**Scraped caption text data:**

------

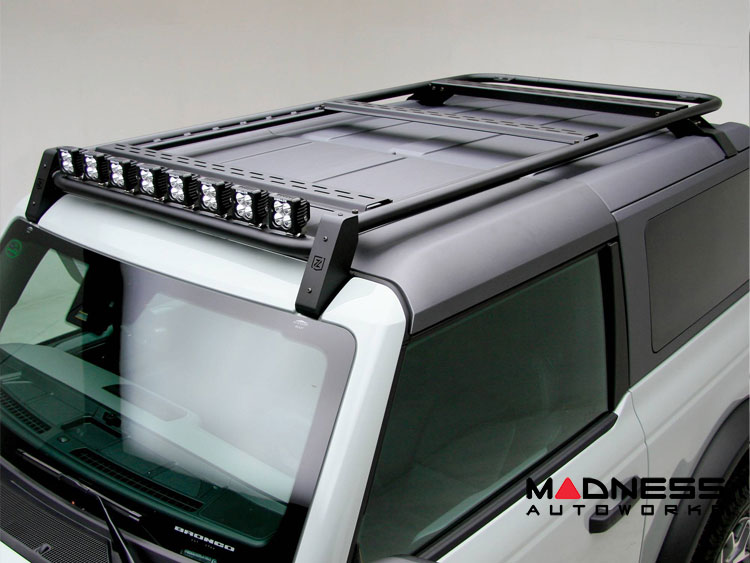 Ford Bronco Roof Rack - ZROADZ - 2 Door - Kit w/ Amber & White LED Pods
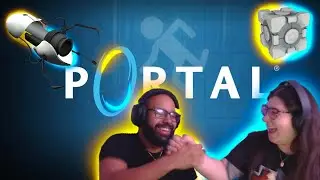 Pearl Will Play | 2 Dummies Play Portal for the First Time!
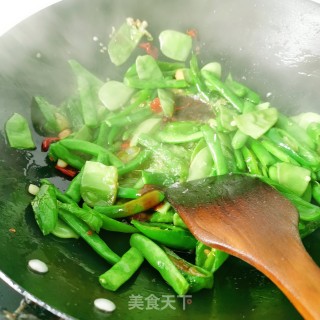 四季豆搭扁豆的做法步骤：11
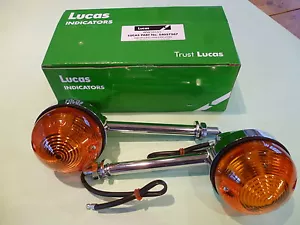 GENUINE LUCAS INDICADORES LONG STEM 5" TRIUMPH T120 T140 BSA A65 LU54057567 L874 - Imagen 1 de 3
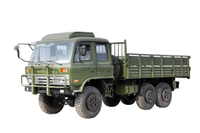 190/210 tenaga kuda EQ2102N harga truk khusus off-road dua baris_Penggerak enam roda 246 kepala datar 153 Produsen truk pengangkut pekerjaan tanah Lasha_6×6DF konfigurasi kendaraan kargo kendaraan militer klasik
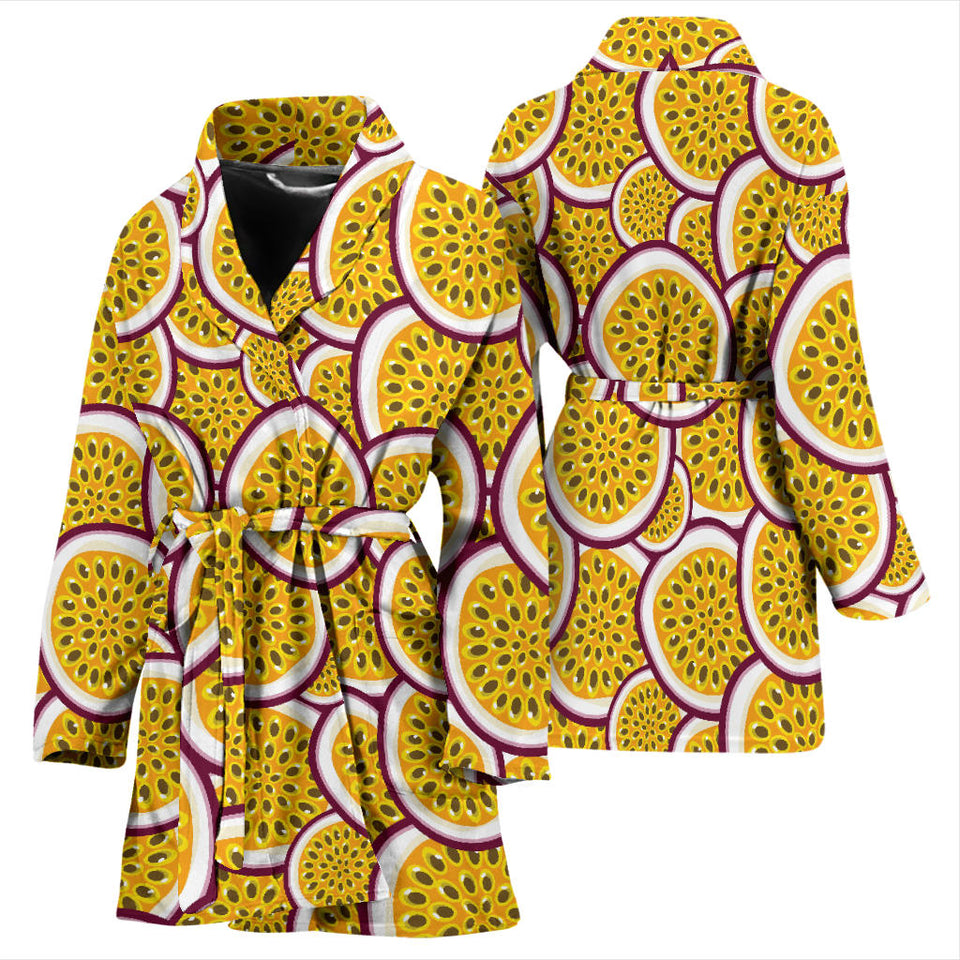 Passion Fruits Slice Pattern Women'S Bathrobe
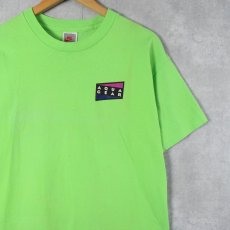 画像2: 90's NIKE 銀タグ USA製 "AQUA GEAR" ロゴプリントTシャツ M (2)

------

**Task instructions:**
An exact copy of the records above is needed, with the pictures removed.

**Completed task:**
 Ford Bronco Roof Rack - ZROADZ - 2 Door - Kit w/ Amber & White LED Pods
 Pearl Will Play | 2 Dummies Play Portal for the First Time!
 四季豆搭扁豆的做法步骤：11
 GENUINE LUCAS INDICADORES LONG STEM 5" TRIUMPH T120 T140 BSA A65 LU54057567 L874 - Imagen 1 de 3
 190/210 tenaga kuda EQ2102N harga truk khusus off-road dua baris_Penggerak enam roda 246 kepala datar 153 Produsen truk pengangkut pekerjaan tanah Lasha_6×6DF konfigurasi kendaraan kargo kendaraan militer klasik
 Passion Fruits Slice Pattern Women'S Bathrobe
 画像2: 90's NIKE 銀タグ USA製 "AQUA GEAR" ロゴプリントTシャツ M (2)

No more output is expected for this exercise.